▶ [EXCERPTED DATA]:

================

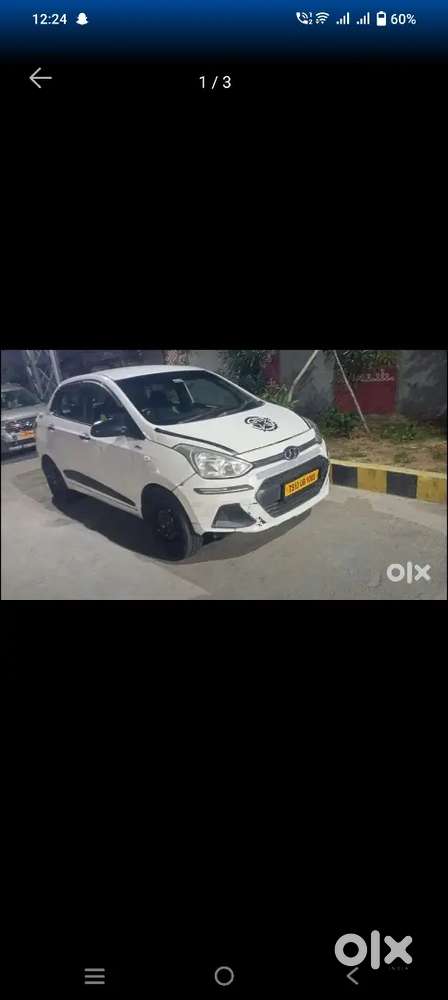 Hyundai Xcent Prime 2017 Diesel 230000 Km Driven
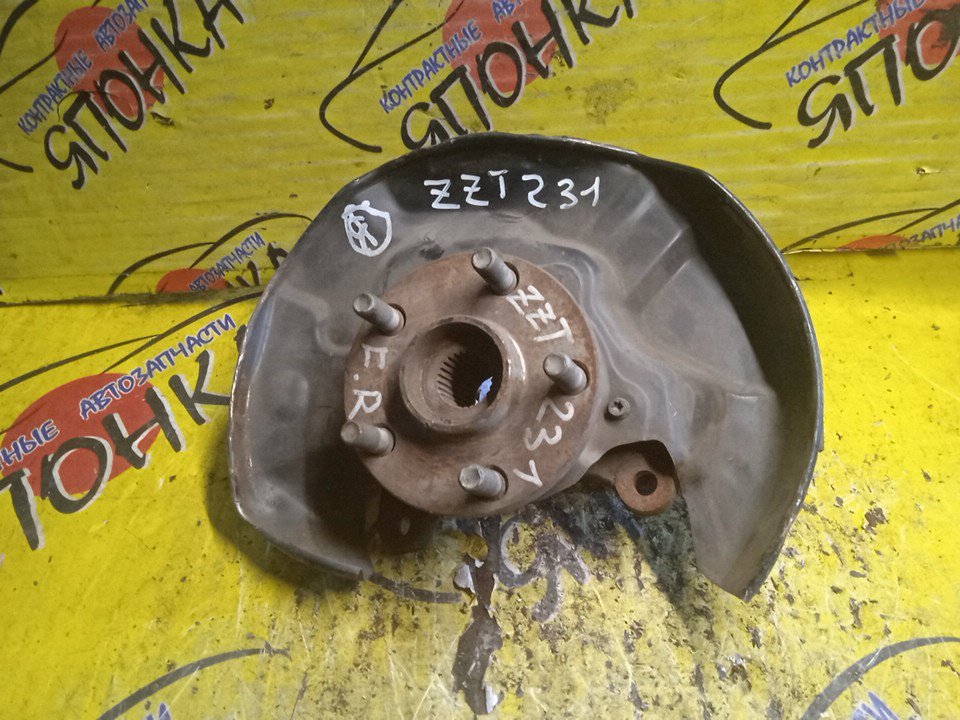 СТУПИЦА/TOY/CELICA/ZZT230/ZZT230L/ZZT231/ZZT231L/F/R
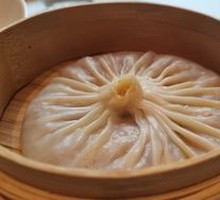 Crab Roe Soup Dumplings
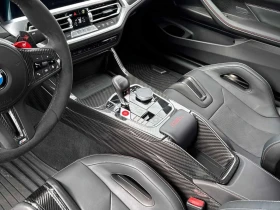 BMW M4 CSL * CARFAX * CARBON * АВТОФИНАНСИРАНЕ * , снимка 9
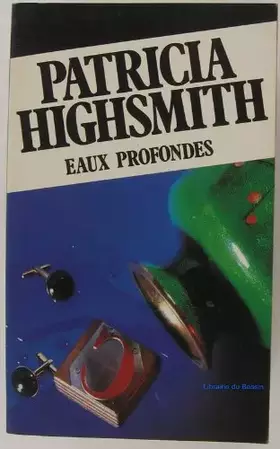 Couverture du produit · Eaux profondes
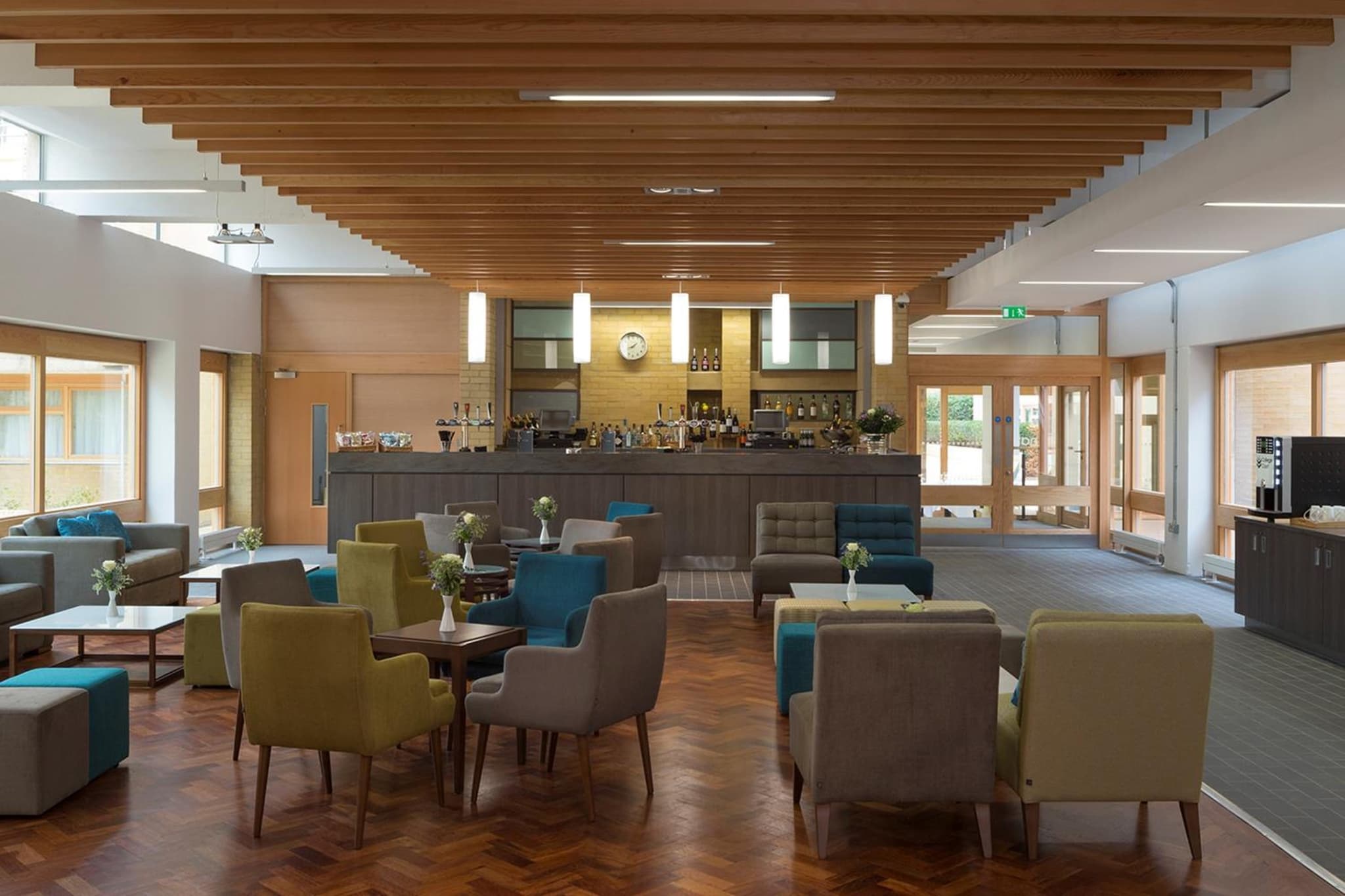 College Court Hotel photo 8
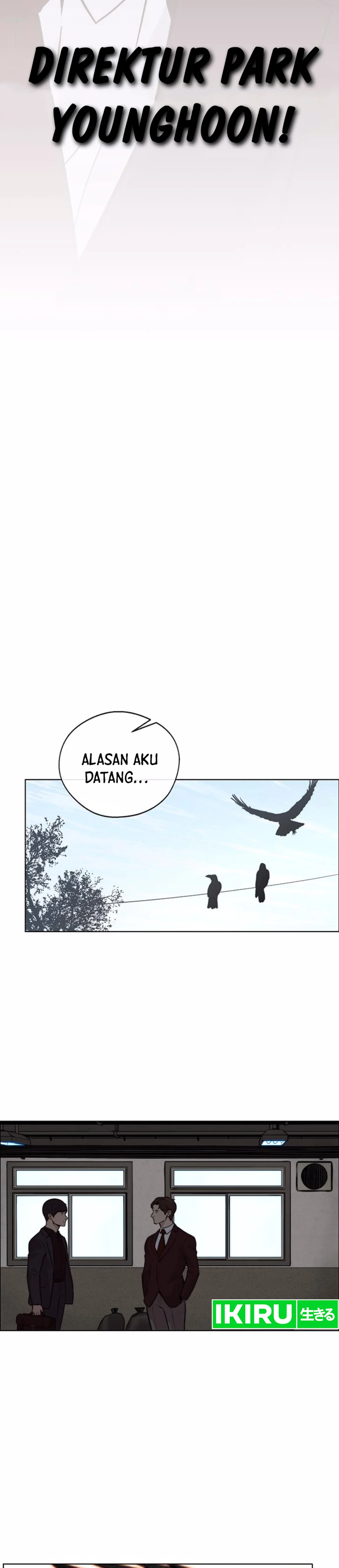 Read The Man ID Manga Online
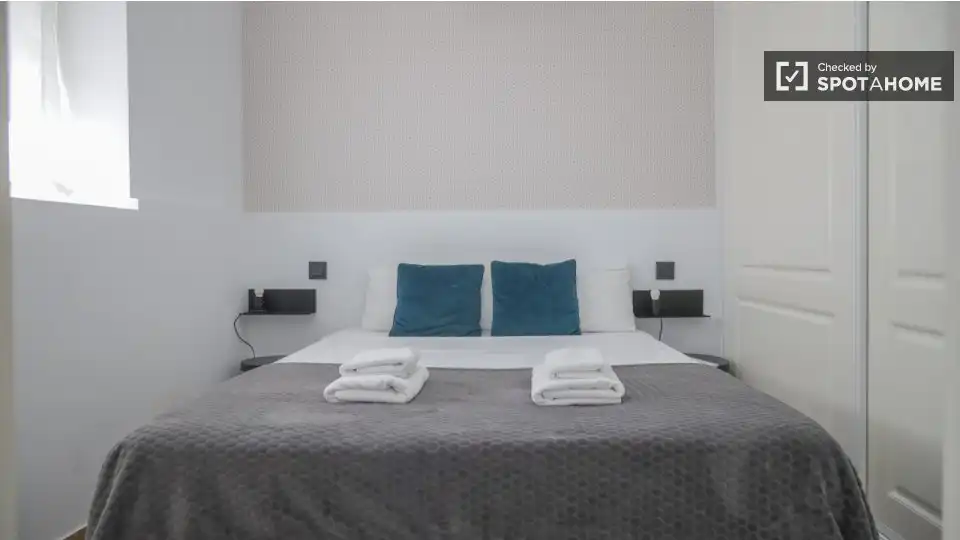 Zimmer in Puerta del Ángel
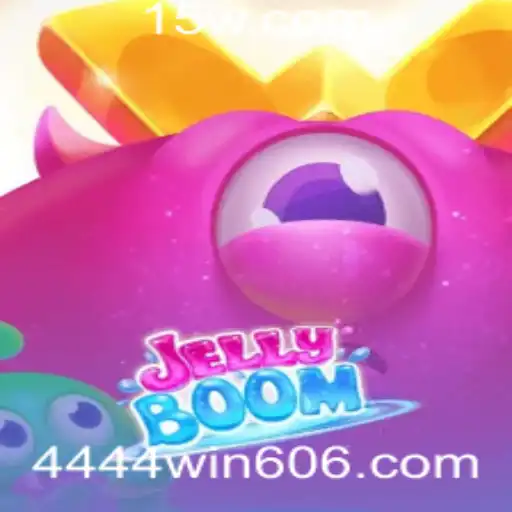 Desvendando JellyBoom: O Jogo que Conquista com '4444 Win'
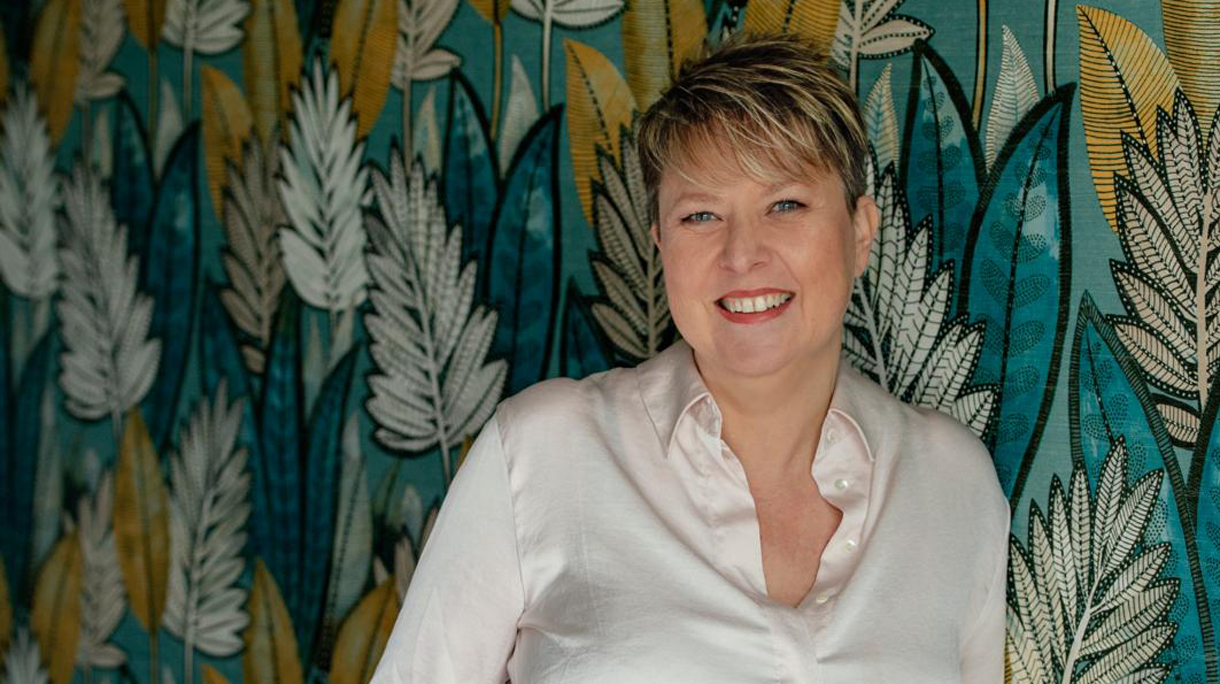 Antoinetta Schutrups door Brenda van Leeuwen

================

▶ [WHAT YOU WILL DO]:
Starting at the line that contains "Crab Roe Soup Dumplings", extract each line through the last line of the material exactly as written, and include no pictures.

▶ [TASK RESPONSE]:
 Crab Roe Soup Dumplings
 BMW M4 CSL * CARFAX * CARBON * АВТОФИНАНСИРАНЕ * , снимка 9
 Couverture du produit · Eaux profondes
 College Court Hotel photo 8
 Read The Man ID Manga Online
 Zimmer in Puerta del Ángel
 Desvendando JellyBoom: O Jogo que Conquista com '4444 Win'
 Antoinetta Schutrups door Brenda van Leeuwen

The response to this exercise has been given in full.